» RECORDS TO PROCESS:

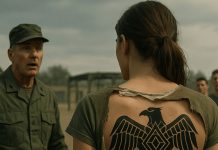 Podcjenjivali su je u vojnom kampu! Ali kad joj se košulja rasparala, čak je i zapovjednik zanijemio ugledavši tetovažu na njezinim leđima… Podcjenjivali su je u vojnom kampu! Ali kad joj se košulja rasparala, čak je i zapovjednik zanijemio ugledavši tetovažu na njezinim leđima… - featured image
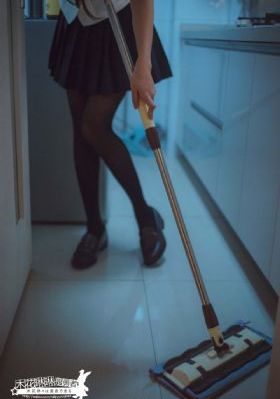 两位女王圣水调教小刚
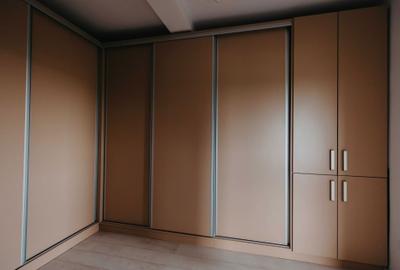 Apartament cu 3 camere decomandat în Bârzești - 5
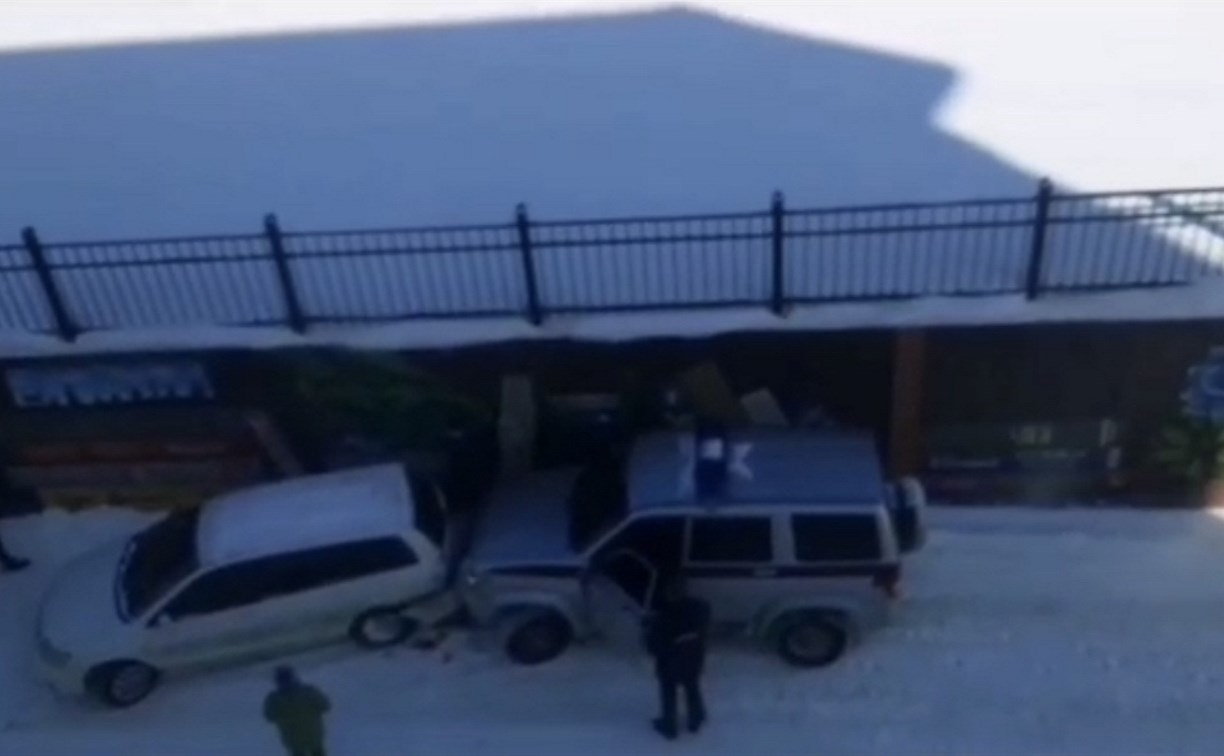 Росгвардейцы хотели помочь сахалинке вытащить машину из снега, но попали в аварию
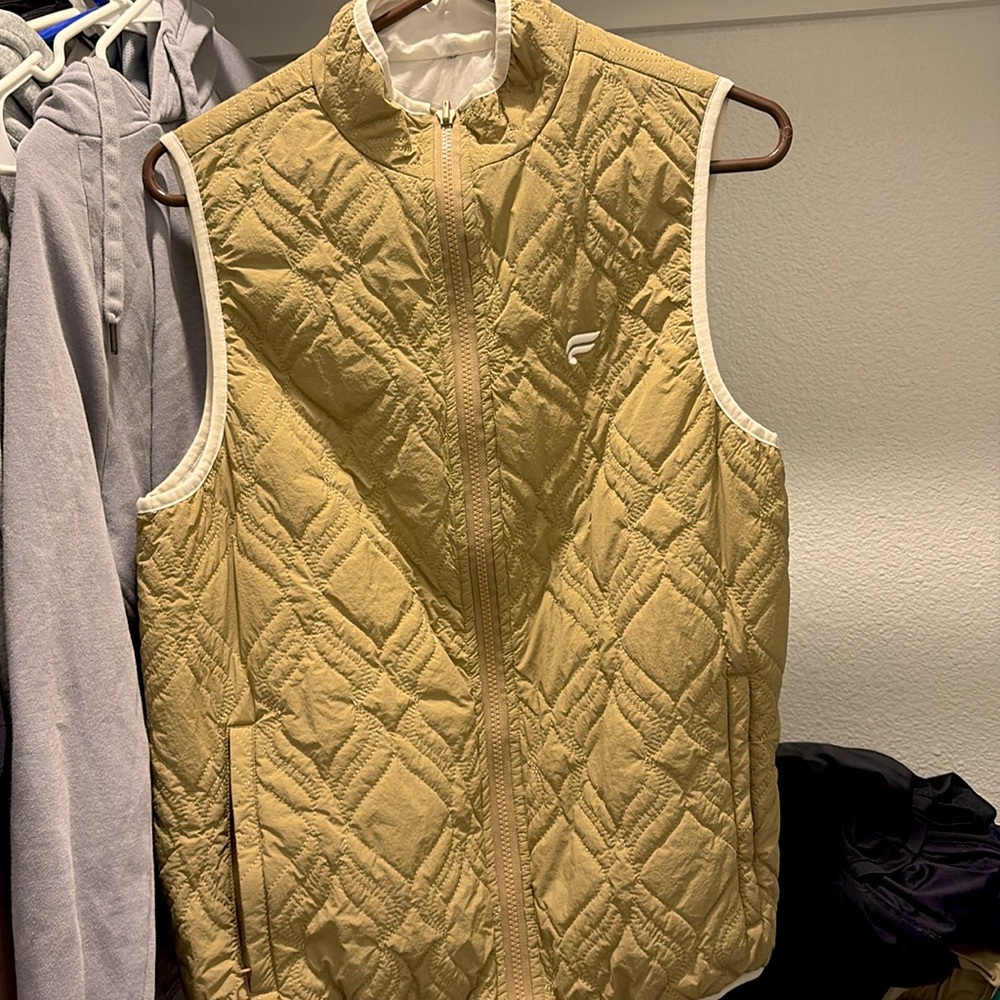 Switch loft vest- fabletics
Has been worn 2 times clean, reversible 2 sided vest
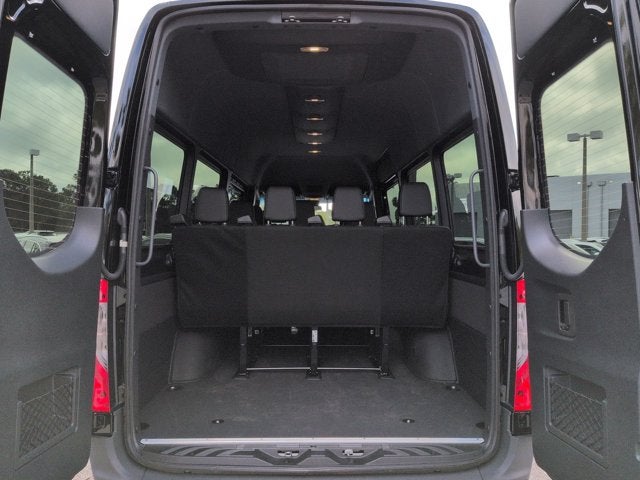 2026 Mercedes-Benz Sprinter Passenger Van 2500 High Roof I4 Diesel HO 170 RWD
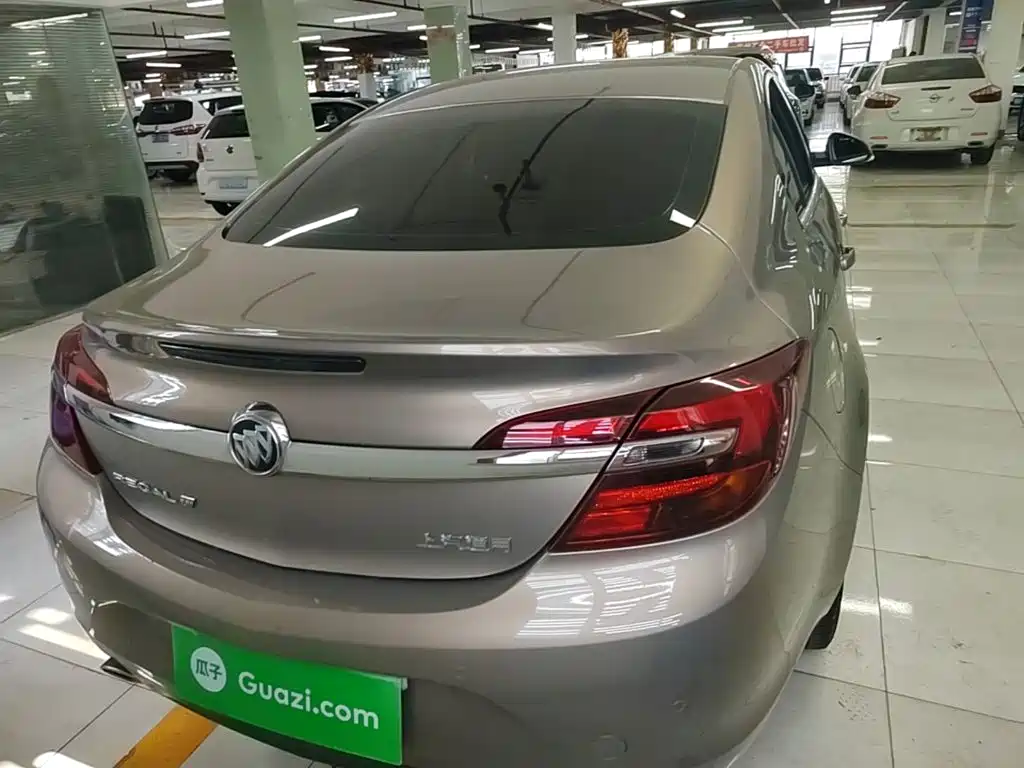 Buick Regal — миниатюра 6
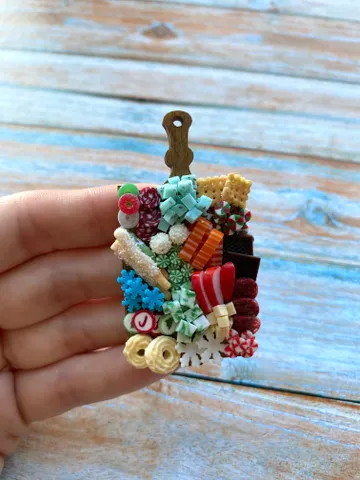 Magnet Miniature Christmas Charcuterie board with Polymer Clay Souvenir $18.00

---

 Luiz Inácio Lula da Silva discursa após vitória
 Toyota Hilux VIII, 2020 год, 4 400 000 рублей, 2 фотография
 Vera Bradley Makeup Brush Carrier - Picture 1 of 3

* * *

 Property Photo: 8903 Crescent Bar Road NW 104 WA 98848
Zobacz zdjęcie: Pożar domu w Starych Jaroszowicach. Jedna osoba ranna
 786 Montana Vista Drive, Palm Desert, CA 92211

» TASK STATEMENT: Print from the line containing "2026 Mercedes-Benz Sprinter" through the line containing "Magnet Miniature Christmas" in the data above, exactly as the lines stand, and omit every picture.

» EXERCISE RESPONSE:
 2026 Mercedes-Benz Sprinter Passenger Van 2500 High Roof I4 Diesel HO 170 RWD
 Buick Regal — миниатюра 6
 Magnet Miniature Christmas Charcuterie board with Polymer Clay Souvenir $18.00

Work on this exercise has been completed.